Revoir la mesure de la performance économique des logiciels et matériels
Le rapport destiné aux organisations utilisatrices présente ensuite un ensemble de recommandations destinées en premier lieu aux directions achats et DSI. Elles visent tout d'abord à mettre en place des politiques d'achats numériques responsables, par exemple en sélectionnant les fournisseurs les plus engagés ou en prévoyant des critères de durabilité, de réparabilité ou d'écoconception et frugalité, selon les typologies d'achats. Ensuite, elles s'intéressent à la sensibilisation des équipes IT et incitent à questionner les manières d'opérer au sein des DSI. Pour lutter contre l'obsolescence logicielle, il s'agit par exemple de disposer des compétences techniques permettant de maintenir les applications dans le temps ou d'établir des standards de conception lors du développement. Face à l'obsolescence matérielle, le rapport préconise entre autres de privilégier le reconditionné au neuf, de systématiser la maintenance préventive et de développer le réemploi interne. Enfin, le rapport destiné aux utilisateurs propose de revoir la façon de mesurer la performance économique des logiciels et matériels, en réalisant par exemple une analyse de coût du cycle de vie complet et multicritères lors de la phase d'achats, ou en pondérant les bénéfices financiers du renouvellement de matériel en fonction du temps humain nécessaire, du poids DEEE (impact RSE, bilan carbone) et du bénéfice métier.

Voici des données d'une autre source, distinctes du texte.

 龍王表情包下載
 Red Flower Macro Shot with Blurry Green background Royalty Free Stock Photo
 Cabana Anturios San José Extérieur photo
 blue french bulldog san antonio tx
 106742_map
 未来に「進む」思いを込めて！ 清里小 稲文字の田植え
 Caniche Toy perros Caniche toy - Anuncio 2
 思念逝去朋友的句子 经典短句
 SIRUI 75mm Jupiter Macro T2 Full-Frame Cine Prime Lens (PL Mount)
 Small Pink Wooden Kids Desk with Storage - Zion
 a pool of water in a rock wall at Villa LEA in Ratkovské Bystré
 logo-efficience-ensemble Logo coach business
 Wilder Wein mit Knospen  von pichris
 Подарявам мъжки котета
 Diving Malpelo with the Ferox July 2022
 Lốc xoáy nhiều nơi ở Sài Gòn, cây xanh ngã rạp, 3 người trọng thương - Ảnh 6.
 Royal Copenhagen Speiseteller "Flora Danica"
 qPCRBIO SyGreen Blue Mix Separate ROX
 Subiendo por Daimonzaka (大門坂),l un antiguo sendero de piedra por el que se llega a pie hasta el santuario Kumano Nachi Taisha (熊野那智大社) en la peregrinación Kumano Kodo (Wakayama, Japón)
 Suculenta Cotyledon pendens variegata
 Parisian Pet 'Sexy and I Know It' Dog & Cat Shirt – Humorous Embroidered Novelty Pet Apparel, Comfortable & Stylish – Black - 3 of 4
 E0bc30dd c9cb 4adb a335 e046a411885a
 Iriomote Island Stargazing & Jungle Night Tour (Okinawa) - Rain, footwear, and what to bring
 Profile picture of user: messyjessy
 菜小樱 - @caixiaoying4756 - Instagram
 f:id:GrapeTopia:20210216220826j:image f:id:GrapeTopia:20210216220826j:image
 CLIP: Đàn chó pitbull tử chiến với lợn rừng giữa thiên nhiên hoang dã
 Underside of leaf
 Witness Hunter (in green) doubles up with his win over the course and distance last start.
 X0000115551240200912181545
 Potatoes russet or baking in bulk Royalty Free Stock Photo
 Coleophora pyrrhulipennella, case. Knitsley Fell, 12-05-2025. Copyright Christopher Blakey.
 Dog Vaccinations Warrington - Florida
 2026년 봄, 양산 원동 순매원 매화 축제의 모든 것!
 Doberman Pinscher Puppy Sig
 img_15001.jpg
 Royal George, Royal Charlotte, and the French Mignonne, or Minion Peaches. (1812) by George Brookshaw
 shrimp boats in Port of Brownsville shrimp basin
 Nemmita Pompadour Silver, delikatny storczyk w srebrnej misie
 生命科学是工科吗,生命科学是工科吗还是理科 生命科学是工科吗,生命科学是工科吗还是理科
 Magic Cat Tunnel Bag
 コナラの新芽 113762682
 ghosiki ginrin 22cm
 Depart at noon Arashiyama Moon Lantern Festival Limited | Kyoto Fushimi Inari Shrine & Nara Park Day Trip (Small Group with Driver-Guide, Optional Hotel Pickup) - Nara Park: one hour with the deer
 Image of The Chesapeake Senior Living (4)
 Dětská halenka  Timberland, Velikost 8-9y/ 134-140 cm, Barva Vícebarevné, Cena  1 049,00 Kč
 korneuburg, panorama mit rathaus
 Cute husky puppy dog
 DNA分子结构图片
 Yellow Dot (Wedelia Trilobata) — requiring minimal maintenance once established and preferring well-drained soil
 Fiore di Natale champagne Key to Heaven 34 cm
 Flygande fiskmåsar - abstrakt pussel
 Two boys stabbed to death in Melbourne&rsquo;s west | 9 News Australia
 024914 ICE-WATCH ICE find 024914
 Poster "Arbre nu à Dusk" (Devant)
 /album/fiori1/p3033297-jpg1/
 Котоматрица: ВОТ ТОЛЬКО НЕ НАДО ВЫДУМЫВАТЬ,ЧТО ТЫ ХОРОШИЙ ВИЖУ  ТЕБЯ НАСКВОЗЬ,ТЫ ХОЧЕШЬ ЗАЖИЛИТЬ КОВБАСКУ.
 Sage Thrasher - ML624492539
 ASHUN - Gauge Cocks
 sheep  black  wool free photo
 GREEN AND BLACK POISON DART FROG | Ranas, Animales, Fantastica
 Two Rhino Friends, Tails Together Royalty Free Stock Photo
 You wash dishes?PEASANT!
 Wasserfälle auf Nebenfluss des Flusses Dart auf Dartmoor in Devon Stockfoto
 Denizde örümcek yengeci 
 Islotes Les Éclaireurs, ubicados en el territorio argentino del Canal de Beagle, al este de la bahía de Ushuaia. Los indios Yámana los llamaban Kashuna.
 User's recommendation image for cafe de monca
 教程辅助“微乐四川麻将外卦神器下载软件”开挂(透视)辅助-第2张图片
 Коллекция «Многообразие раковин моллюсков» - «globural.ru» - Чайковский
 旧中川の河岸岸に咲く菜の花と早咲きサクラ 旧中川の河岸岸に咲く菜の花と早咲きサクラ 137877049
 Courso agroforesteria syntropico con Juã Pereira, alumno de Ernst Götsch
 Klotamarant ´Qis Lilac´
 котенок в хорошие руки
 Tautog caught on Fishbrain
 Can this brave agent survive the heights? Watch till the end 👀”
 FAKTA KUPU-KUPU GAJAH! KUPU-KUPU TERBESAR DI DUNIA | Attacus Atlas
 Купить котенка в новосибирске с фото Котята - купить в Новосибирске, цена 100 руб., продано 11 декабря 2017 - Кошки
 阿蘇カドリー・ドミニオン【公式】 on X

Le second livrable contient quant à lui 29 propositions pour les fournisseurs, organisées autour de quatre grands axes. Le premier concerne la limitation des effets d'interdépendance logiciel - matériel. Il s'agit par exemple de baisser l'exigence matérielle pour les montées de versions logicielles, un point sur lequel le Cigref, conjointement avec trois autres associations européennes d'utilisateurs, a récemment interpellé Microsoft. Le deuxième axe porte sur l'allongement des durées de supports techniques et des mises à jour de sécurité, des exigences qui figurent également dans la proposition de loi Chaize, ainsi que dans le projet de réglementation européen « Ecodesign ». Pour le Cigref, assurer la sécurité des applications dans le temps et dissocier le prérequis de sécurité des mises à jour évolutives des logiciels deviennent une nécessité environnementale. Le troisième axe vise à développer l'autonomie des utilisateurs, en redonnant notamment à ces derniers la maîtrise sur l'installation et la configuration de logiciels et fonctionnalités qui ne lui sont pas indispensables. Enfin, le dernier vise plus spécifiquement les constructeurs et fabricants d'équipements, en appelant ces derniers à développer des services de reprise, réparabilité et recyclage. Le rapport les invite également à élaborer un système de traçabilité permettant de s'assurer que la chaîne de recyclage est respectée et réellement vertueuse, à afficher un indice de durabilité ainsi qu'un taux de recyclabilité, ou encore à informer l'utilisateur a minima de l'empreinte carbone issue de la fabrication des matériels, et idéalement de l'empreinte globale.